Practical VoIP Security

One of the principal advantages of converging voice and data is to save money and to simplify administration and management by running both types of traffic over the same physical infrastructure. With this in mind, it is ironic that most of the engineering effort expended during the VoIP architecture design phase focuses on logically separating this same voice and data traffic.
Packetized voice is indistinguishable from any other packet data at Layers 2 and 3, and thus is subject to the same networking and security risks that plague data-only networks. The general idea that motivates the logical separation of data from voice is the expectation that network events such as broadcast storms and congestion, and security-related phenomena such as worms and DoS attacks, that affect one network will not impact the other. This is the principal consequence of compartmentalization.
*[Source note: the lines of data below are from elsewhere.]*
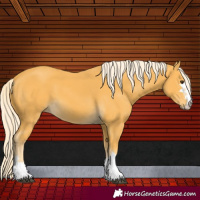 Horse Color:Palomino 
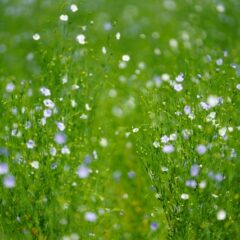 綺麗な亜麻/リネンの花（ブルー・青）の色素から作る天然染料の魅力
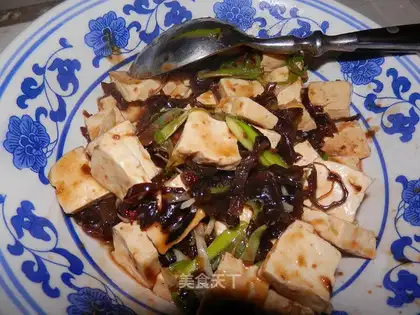 Soy tofu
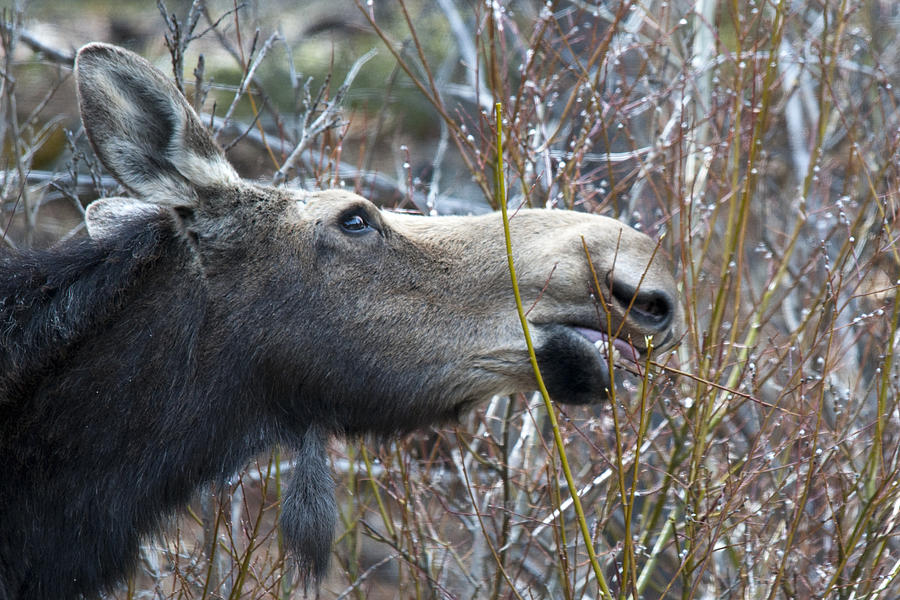 Cow Moose Dining On Willow Photograph by Gary Beeler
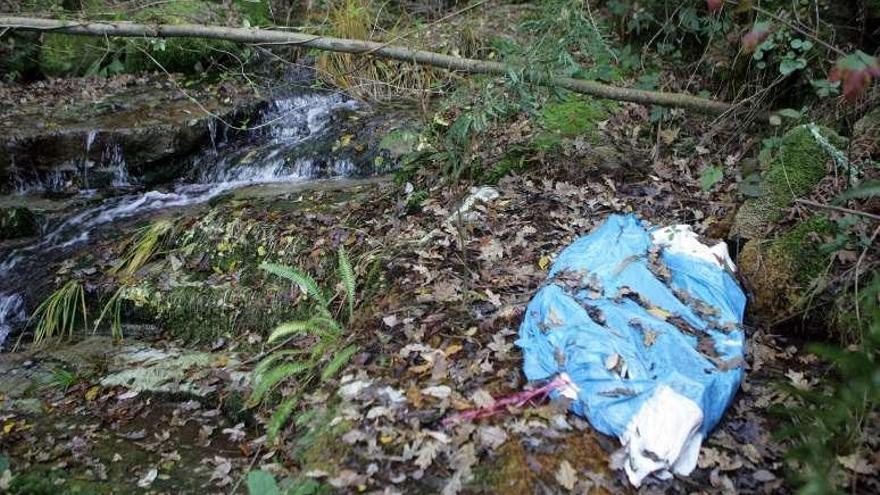 Trabajadores de los concellos de A Estrada y Cuntis tuvieron que asumir ayer la retirada de los cadáveres, algunos tirados en bolsas y junto a un río. // Bernabé/Luismy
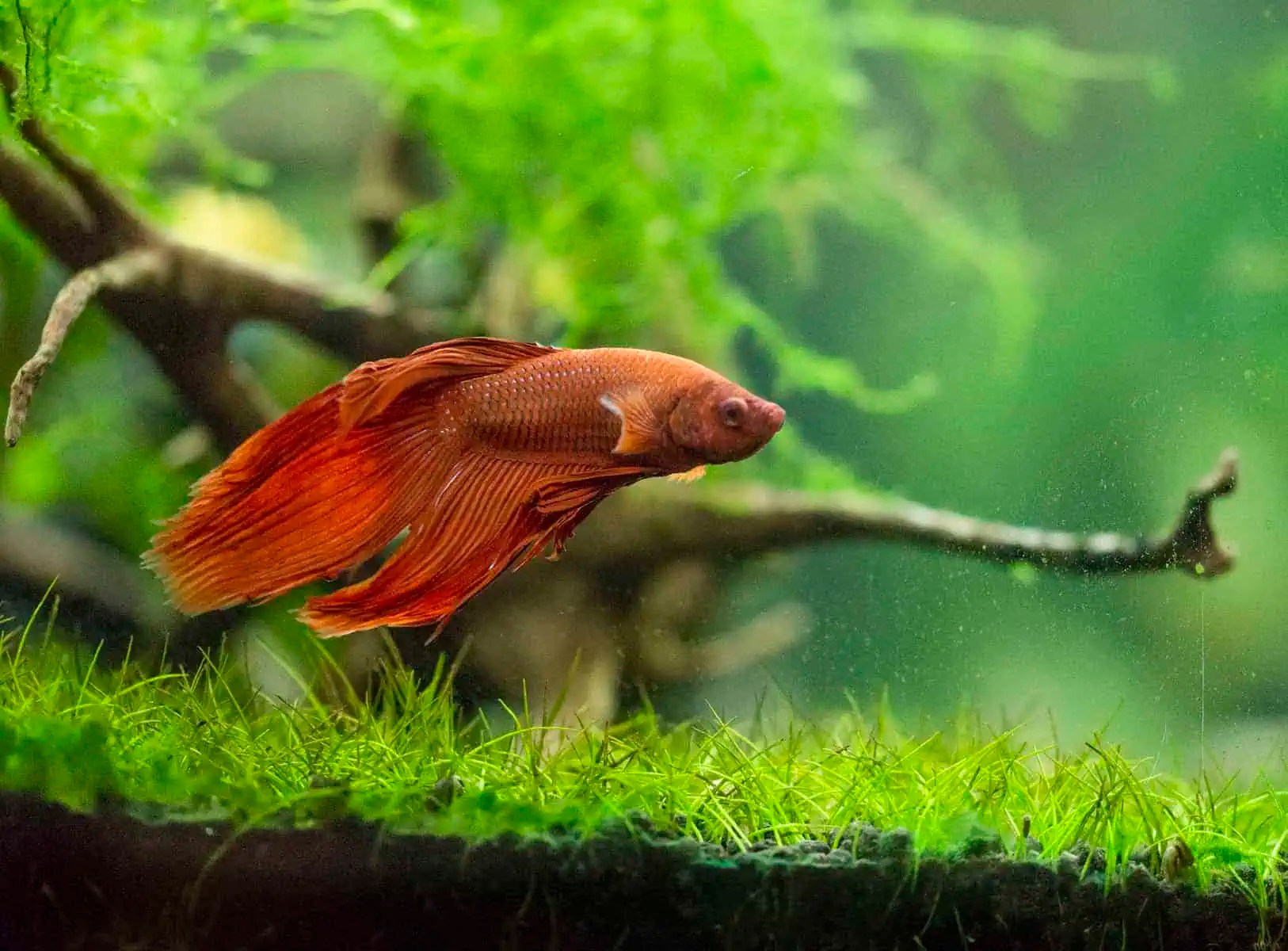 5 best betta fish foods in 2022-there's something for every betta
In practice, system and security administrators have a number of options to realize this logical division. Packet headers can be manipulated in order to separate datagrams and datastreams at Layer 2, to provide certain classes of packets with preferential treatment or more bandwidth; and to alter source and destination IP addresses. Firewalls (particularly VoIP-aware firewalls), application layer gateways (ALGs), routers, and switches are inserted in the datapath to monitor and control traffic streams. Many devices now support robust access control lists (ACLs) that are used to fine-tune network and application access. Encryption is used often to ensure data and signal channel authentication, integrity, and privacy, but the encryption process results...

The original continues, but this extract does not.